Inasmuch as we can presume that there exists a statistically significant the interrelation of bioactivities. Threshold processes of biological activity are characterized by the following principle: as long as the descriptor is not reached of the threshold value, bioactivities of the chemical compounds probably negligible. At the same time if the magnitude of the descriptor lies beyond the threshold value, the biological effect of the drug is close to the maximum value. Thus, without a complete set of experimental physical and chemical data on chemical compounds, we can set a statistically significant correlation between molecular structure of a chemicals and bioactivities of the molecules, as well as to predict the bioactivity of new chemical compounds.
It is also possible propagation of this approach to modeling bioactivity for other classes of chemical compounds.
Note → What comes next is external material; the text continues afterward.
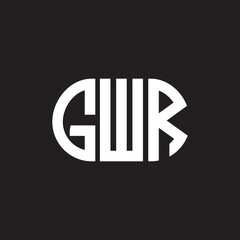 GWR letter logo design on black background. GWR creative initials letter logo concept. GWR letter design.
The fact that the factors Z and H are not abstractions, but they have a physical meaning, which is associated with such properties of molecules as the molecular pseudopotential, the hydrophobic of molecules 3, the total electronic energy of the molecules. If these properties of the chemicals are crucial in the mechanism of bioactivities, we can expect some commonality of the proposed approach to assess the interrelation bioactivity of chemical compounds with their molecular structure. The positive linear interrelation between the factors Z and H is not a random. As is known, the information function determines the diversity of the molecular structure. In turn, the molecular structure is determined by the quantity of different atoms that form the associated molecular formation. At the same time, the structure of the molecule is not an arbitrary number of different atoms. The structure of the molecule is determined by the quantity of valence electrons in the outer shell of an atom. Apparently, this quantum-chemical property of molecular compounds establishes the linear interrelation between the factors Z and H.